What is your main pursuit when mastering?

That the music sounds “cool”. This isn’t for self-satisfaction, and because we’re putting it out into the world as a product, I have my own criteria of how “cool” a song has to sound.

When I joined my first company, the world was still analog.
At the time, my heroes in the world of mastering engineering were the senior engineers in my company, as well as Bernie Grundman in Los Angeles and Ted Jensen in New York. I’d look at my favorite records across genres and see their names everywhere. I noticed they were also responsible for the albums of my favorite jazz fusion artists released by Victor. I was drawn to their work naturally, and must have known instinctively that it was “cool”.
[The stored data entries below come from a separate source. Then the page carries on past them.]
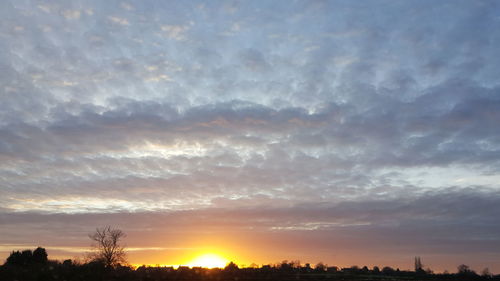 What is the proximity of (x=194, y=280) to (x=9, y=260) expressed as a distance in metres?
54.8

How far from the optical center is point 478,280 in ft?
336

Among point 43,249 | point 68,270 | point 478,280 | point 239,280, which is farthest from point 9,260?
point 478,280

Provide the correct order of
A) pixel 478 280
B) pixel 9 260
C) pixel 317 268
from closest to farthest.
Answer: pixel 9 260 < pixel 478 280 < pixel 317 268

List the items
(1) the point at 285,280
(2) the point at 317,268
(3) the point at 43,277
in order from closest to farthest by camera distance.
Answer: (3) the point at 43,277 → (1) the point at 285,280 → (2) the point at 317,268

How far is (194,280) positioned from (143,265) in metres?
41.0

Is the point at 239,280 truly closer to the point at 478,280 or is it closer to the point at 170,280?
the point at 170,280

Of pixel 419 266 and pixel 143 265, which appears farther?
pixel 419 266

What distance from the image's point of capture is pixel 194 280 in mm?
63625

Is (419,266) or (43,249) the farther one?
(419,266)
In this pursuit of “cool”, one has to speak of course of the advancement of technology. Companies that make radars for fighter airplanes are now developing audio equipment. Technologies that are everywhere now were astonishing when they were first introduced. We were amazed, saying, “Wow, you can do that?”

I create audio using equalizers and limiters that I’ve kept since the analog years, combining them with the latest digital equipment. In the past, there were sounds I desired to make but couldn’t, technically speaking. All of that is possible now.

Is high-resolution making sounds better?

High-resolution isn’t necessarily making sounds better, as sounds in the natural world have always been super high-resolution. There’s an infinite sound range with uninterrupted frequency characteristics.

When CDs first came out as a new form of media, sounds were digitized, limiting frequencies from here to here.

Compared to analog sounds, CDs were clear of troublesome noise and enjoyed increased articulation, which was a definite plus. But some sounds (frequencies) in the natural world were deemed unnecessary and cut out of the final product. There was criticism that this made it different from “natural” sounds. At the same time, storage capacity of digital media was growing larger by the minute. That made it possible to record and create sounds that were closer to the original sounds. You can really hear the difference between a CD sound and high-resolution sound in the cymbal, for example.

This isn’t limited to high-resolution sounds, but I’m often asked, “How do I improve sound?” Our computers now come with audio samples for drum toms, hi-hat, and bass, for example, which we can blend with the click of a mouse to create instrumentation. Whether it’s a “good” sound, whether instruments heard in jazz and fusion are “good” sounds, or whether live music is “good” is all a matter of personal taste. And with a variety of limitations, it’s hard to say what’s good or bad. Sometimes, “lo-fi” sounds that are rackety or muffled can turn out to make cool music.